- EXTRACTED INFORMATION:
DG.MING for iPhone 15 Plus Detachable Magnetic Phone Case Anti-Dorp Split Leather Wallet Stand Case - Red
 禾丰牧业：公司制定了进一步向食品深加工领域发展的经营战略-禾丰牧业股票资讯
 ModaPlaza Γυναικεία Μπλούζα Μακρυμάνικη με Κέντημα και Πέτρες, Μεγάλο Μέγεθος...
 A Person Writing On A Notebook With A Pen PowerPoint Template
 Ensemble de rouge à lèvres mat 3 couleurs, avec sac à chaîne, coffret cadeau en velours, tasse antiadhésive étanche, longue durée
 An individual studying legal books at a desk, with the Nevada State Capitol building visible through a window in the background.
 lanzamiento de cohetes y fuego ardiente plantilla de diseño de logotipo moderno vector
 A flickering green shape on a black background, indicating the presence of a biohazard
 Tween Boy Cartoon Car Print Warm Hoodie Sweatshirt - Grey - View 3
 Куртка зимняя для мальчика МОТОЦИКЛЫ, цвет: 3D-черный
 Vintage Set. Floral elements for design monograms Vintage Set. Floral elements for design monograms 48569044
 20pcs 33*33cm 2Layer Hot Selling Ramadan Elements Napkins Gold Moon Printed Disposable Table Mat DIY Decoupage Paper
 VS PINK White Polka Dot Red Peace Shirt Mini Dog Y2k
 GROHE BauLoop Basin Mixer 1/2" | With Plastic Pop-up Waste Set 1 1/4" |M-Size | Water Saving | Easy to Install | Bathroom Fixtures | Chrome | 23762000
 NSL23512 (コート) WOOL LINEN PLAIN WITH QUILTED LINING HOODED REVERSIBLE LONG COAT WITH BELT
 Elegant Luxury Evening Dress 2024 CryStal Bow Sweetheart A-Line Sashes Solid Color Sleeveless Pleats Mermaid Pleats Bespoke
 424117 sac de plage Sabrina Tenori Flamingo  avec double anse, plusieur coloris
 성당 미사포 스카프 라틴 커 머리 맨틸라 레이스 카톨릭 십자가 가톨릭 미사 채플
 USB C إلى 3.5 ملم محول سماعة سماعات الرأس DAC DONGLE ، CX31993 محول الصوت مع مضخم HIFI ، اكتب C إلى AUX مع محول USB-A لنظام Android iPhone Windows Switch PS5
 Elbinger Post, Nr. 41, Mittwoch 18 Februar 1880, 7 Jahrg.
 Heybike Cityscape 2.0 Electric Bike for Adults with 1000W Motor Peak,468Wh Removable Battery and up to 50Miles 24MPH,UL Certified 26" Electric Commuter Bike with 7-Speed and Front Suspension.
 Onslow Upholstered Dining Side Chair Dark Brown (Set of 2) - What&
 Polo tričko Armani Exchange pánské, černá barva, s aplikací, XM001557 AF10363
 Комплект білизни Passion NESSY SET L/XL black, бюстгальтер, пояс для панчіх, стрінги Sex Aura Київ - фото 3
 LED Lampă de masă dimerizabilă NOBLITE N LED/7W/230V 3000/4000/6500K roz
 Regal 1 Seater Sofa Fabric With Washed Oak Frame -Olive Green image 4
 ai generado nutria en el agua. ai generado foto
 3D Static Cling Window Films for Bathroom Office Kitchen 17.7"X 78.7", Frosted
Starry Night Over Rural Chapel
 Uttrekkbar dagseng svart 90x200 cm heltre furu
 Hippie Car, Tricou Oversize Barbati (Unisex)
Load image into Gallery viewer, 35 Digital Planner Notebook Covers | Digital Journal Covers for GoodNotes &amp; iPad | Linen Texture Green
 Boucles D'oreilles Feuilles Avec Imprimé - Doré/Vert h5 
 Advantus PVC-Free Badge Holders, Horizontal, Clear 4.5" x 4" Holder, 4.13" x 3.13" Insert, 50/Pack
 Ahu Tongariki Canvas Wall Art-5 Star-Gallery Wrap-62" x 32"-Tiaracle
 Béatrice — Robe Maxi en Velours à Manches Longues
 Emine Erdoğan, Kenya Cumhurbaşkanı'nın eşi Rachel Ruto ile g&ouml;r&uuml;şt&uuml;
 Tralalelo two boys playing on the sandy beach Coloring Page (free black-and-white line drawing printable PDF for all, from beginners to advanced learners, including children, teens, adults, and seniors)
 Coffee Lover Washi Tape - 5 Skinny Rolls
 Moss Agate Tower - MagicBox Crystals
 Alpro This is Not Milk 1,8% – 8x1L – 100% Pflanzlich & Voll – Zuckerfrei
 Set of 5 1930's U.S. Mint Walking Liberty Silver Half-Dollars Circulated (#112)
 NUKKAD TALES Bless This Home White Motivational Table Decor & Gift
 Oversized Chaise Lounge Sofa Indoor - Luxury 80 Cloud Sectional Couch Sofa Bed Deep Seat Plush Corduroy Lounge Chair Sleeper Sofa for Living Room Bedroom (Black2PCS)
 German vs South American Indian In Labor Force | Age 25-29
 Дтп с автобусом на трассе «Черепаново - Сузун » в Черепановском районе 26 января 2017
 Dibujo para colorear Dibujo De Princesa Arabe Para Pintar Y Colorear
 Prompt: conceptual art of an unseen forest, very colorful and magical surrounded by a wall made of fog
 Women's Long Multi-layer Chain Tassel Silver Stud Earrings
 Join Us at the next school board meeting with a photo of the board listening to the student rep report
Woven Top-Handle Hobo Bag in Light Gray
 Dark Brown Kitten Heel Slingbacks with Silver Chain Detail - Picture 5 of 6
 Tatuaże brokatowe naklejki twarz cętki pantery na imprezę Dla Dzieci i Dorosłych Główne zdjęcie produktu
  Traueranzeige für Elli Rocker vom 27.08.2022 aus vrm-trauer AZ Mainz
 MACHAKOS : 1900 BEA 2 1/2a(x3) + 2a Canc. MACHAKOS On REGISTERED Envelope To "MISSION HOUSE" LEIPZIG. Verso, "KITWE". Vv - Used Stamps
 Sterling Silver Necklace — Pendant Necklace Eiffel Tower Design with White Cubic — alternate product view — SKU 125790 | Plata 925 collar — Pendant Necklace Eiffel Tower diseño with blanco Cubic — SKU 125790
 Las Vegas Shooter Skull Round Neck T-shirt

- YOUR OBJECTIVE: Wherever a line of the entries holds the string "Tower", copy that line.

- EXPECTED ANSWER:
 Moss Agate Tower - MagicBox Crystals
 Sterling Silver Necklace — Pendant Necklace Eiffel Tower Design with White Cubic — alternate product view — SKU 125790 | Plata 925 collar — Pendant Necklace Eiffel Tower diseño with blanco Cubic — SKU 125790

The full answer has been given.